Research often gets a bad rap in agencies, especially as far as management is concerned.
Sure, it is easy to assume that research is a waste of valuable budget that could be spent on more valuable things, like design. When designing for stellar usability, however, conducting research is as important as anything else.
Good research will turn into a great design by addressing the specific needs of the target market, and giving users what they want. Without proper research, as a designer, you will not know if you are hitting the goals of the project or designing for the correct demographic.
For every one dollar that is invested in user experience research, it can bring up to one hundred dollars in return.
Working for a UX design agency, I know that some people just do not see the value in research in the design phase. However, I can tell you first hand how important it is to the success of a project. At the company I work for, Codal, we either want to do it right or not do it at all.
While there are hundreds of different research methods for UX and design, in this article, I am going to focus specifically on qualitative and quantitative research methods, and why you may need both or just one over the other.
Qualitative Research in UX
Many UX designers believe that the only difference between qualitative and quantitative research is that the former is an open-ended question, while the latter is not. This distinction does not give the full picture.
A qualitative study typically describes the characteristics of behaviour, such as why and how a sample performs a certain task. Qualitative data generates data around the what, the why, and the how of a particular point of interest.
There are multiple ways to capture qualitative data; the most prominent ways in UX design are in-depth interviews, surveys, and focus groups.

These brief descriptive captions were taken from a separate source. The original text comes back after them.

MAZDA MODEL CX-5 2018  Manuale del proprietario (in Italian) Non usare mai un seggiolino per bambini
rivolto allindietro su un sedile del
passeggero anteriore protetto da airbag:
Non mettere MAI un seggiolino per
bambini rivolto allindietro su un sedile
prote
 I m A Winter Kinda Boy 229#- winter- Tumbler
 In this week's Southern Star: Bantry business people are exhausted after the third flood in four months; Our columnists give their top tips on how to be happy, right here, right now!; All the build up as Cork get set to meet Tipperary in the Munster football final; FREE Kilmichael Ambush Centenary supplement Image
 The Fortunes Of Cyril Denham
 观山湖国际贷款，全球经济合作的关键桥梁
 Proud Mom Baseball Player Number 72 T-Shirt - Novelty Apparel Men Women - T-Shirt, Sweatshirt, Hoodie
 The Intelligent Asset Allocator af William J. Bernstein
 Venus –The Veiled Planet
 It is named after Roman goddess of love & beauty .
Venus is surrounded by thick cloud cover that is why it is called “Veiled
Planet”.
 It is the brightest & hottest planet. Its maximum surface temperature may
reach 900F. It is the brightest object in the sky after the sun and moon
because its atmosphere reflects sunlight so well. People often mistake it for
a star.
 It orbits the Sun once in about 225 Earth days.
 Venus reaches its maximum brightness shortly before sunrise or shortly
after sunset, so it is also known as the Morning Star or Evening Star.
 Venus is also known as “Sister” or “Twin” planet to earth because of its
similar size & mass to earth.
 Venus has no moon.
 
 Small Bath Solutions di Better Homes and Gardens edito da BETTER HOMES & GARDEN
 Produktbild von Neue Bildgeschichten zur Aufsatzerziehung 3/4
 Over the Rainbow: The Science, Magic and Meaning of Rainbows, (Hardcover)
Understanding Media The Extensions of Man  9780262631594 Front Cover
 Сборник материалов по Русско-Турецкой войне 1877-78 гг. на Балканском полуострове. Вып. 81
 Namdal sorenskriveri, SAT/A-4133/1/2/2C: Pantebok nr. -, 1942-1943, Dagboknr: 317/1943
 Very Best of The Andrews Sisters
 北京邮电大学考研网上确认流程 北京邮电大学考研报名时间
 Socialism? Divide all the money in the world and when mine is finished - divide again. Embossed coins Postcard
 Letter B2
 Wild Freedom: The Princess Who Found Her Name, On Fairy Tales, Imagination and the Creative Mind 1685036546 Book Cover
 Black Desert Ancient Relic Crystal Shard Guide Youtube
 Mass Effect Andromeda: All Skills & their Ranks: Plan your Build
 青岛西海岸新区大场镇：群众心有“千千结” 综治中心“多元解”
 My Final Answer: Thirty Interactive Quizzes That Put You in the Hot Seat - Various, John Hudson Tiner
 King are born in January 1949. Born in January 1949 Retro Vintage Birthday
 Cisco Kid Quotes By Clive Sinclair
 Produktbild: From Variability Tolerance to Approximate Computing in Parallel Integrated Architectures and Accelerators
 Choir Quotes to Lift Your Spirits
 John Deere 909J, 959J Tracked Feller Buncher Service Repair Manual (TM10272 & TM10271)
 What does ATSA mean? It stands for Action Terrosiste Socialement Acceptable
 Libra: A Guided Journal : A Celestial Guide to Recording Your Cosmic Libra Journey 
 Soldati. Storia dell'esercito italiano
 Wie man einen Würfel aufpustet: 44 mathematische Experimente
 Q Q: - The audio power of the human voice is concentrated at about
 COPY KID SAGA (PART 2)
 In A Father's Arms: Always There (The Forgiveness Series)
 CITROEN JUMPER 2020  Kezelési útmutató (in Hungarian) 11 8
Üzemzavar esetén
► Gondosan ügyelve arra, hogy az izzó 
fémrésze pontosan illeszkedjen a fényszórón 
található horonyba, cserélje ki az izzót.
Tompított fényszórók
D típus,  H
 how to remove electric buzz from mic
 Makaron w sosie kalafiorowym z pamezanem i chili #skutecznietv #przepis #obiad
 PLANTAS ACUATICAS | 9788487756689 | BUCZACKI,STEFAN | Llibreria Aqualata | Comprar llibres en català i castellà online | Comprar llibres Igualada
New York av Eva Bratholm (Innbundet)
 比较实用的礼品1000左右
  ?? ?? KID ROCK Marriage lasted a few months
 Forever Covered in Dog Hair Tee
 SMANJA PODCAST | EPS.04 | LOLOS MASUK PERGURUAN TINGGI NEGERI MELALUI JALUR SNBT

Here at Codal we find interviews to be the most valuable because of the ability to ask follow-up questions and truly understand their thoughts, opinions, and struggles.
Knowing the why is the insight you need to design a journey that provides the best user experience. Some of the downfalls to this kind of data collection is that it is extremely time-consuming and as a result is difficult to test a large number of subjects.
Task Analysis and Contextual Inquiries
Sometimes, you can even ask the interviewee to undergo a quick test of the platform you are designing.
Understanding a task that a user has to perform is crucial when creating a unique, usable design. Asking the interviewee to complete a few tasks, and observe the journey that they take while completing that task is called Task Analysis and will collect extremely useful data.
Contextual Inquiries are forms of Task Analysis which rely on a predetermined set of questions and goals that place a more defined context on the process. These can be beneficial when the goal is clearer from the start.
The below screenshot is an example of a survey that was given out for a project at Codal. Our UX team was trying to figure out why people would want to order something custom versus walking into a retail store to purchase an “out of the box” product.
To assemble the most data possible, we had the opportunity to send out surveys, schedule in-person interviews with some of the survey participants after analysing the survey data.
Qualitative UX research techniques are critical during the design process to gain an understanding of why people are using the platform you are designing.
It can also be helpful to understand any new issues that you may not have thought about. While focus groups and surveys are great, you can gain the most insights when you have one person in front of you, face to face.
Qualitative research and quantitative research have the same goal: describe the population in the best possible way. In UX design, the same purpose is present for both forms of research. However, the methodologies differ.
Quantitative research methods are typically trying to answer the how many or how many types of inquiry. Often, it is possible to turn qualitative research into quantitative research by applying it to a large enough sample.
The most important difference between these two forms of research has to do with the reliability of the data. Qualitative research can often provide insights rarely attainable through other means. However, they are difficult to implement in reliable ways.
That is, while qualitative research may provide deep, uncompromising insights into the particular sample that you tested, it is nearly impossible to apply these findings to the population being sampled in the test, unless either an incredibly high number of tests are performed, or a very large sample is taken.
Quantitative data and qualitative data are inherently linked through a two-way street. Qualitative data is nearly useless without being applied in a quantitative manner, and quantitative data cannot exist without qualitative data.
To collect usable quantitative data, our UX team typically aggregates the results of many different methods into a larger pool of results and then cross-checks the findings for each to build up an accurate representation of the target audience.
Our team likes to use several techniques, including card sorting, usability testing (online), and surveys to aggregate large sums of sample data.
Quantitative and Qualitative Research are Two Parts of the Same Process
To adequately have data that represents the real behaviour of an average user, you will likely need a combination of both qualitative and quantitative data.
It is also important to have a large enough sample size. Otherwise, you might not be capturing the data of a potentially real user. Conducting three interviews might be intuitive, but you may not be gathering accurate information.
Utilising trends found in qualitative UX research methods will help establish a foundation for your quantitative research. It is just as important to understand the why and how, as it is to understand the how many and how much. In user experience research, they go hand in hand.